As equally significant as the impact of Web2.0 on internal collaboration are the implications for consumers and customers relationship. It is possible to provide external access to an Intranet so that customers can share opinions and experience of the businesses they patronize in external online communities. In this way, social media tools allow organizations to listen to their direct customers and create a conversation of value which energizes the customers to be more than just consumers but rather an engaged part of the business. As a result, better relationships and greater trust with all type stakeholders, from customers to suppliers and from partners to employees will enable organizations market more effectively.
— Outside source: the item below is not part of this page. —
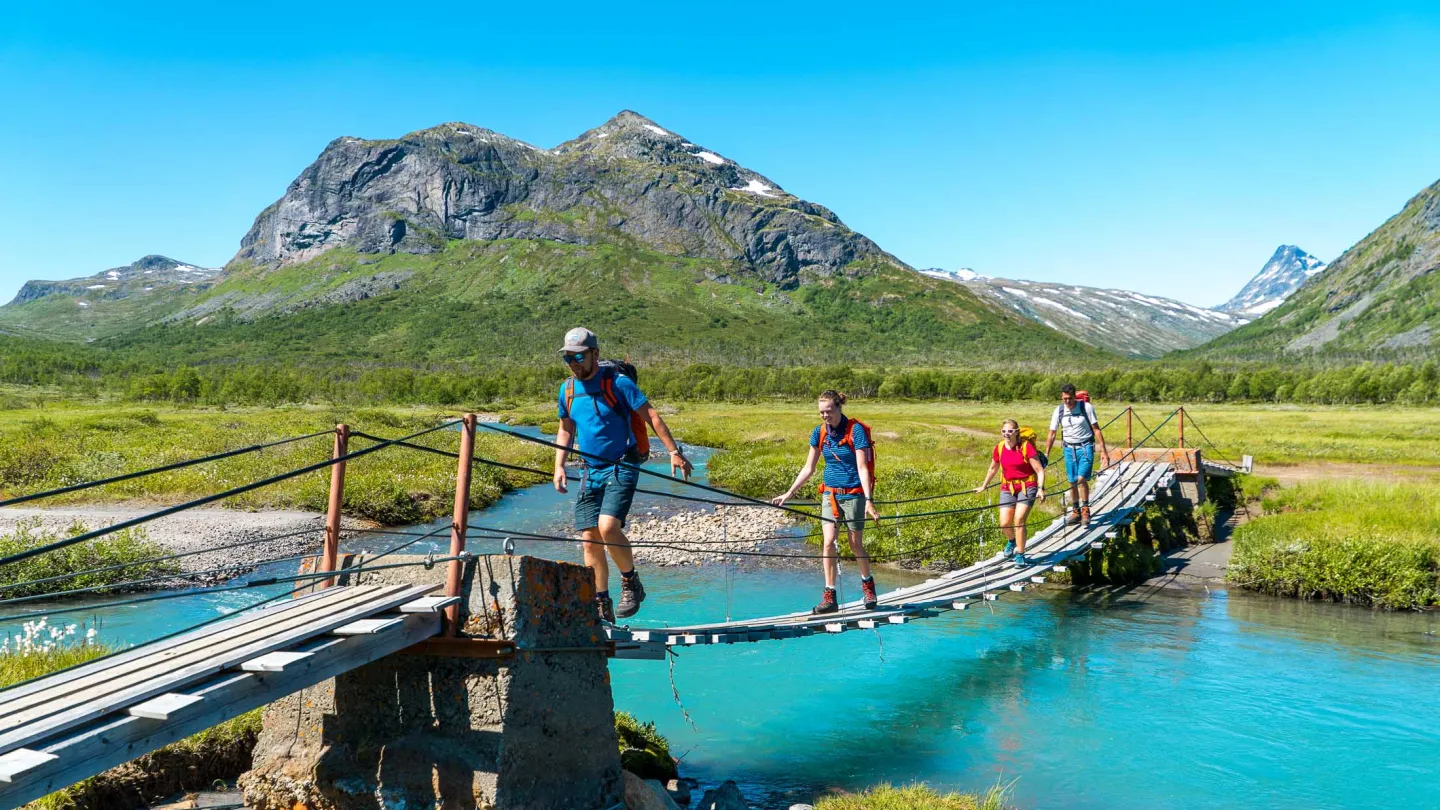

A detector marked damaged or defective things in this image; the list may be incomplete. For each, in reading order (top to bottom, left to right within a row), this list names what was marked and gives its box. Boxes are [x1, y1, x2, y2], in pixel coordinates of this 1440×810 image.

Social media tools also enable companies personalize the products and services they offer, which increases the value of their organizations in the eyes of customers and this will in turn build higher levels of trust. In this way, the organizations may attract prospects and developing new business opportunities.
However, Web2.0 also embodies potential drawbacks. The increased flow of personal information across networks is becoming out of control and the emergence of powerful tools for surveillance threatens the hierarchy. Increased corporatization of online social and collaborative spaces and outputs has expanded so quickly. People are subjected to constant tracking because social media in nature is changing constantly. It is required to keep in touch with all the latest in this industry to ensure safeguard in the interests of the business. It can be time consuming to stay current all the time, because the information is updating so quickly. The time spent on social networks may take away from quality time with friends and family, people may be neglecting the real face to face connections and the fear of people growing apart of "normal life" has arisen among users.
Conclusion
Today's information systems do not only have technical meanings, they are far more than the machines just transforming the data. As organizations reengineer their business processes to become more adaptive to changing business environment, Intranet together with social media comes the technology is changing the ways corporate information is managed and distributed. The benefits from the new technology are evident in every adopting organization: dramatic gain in productivity, timely and more accurate information, and improved coordination among business units. In today's increasingly fierce global competition, the powerful information systems are critically important to the survival of a firm.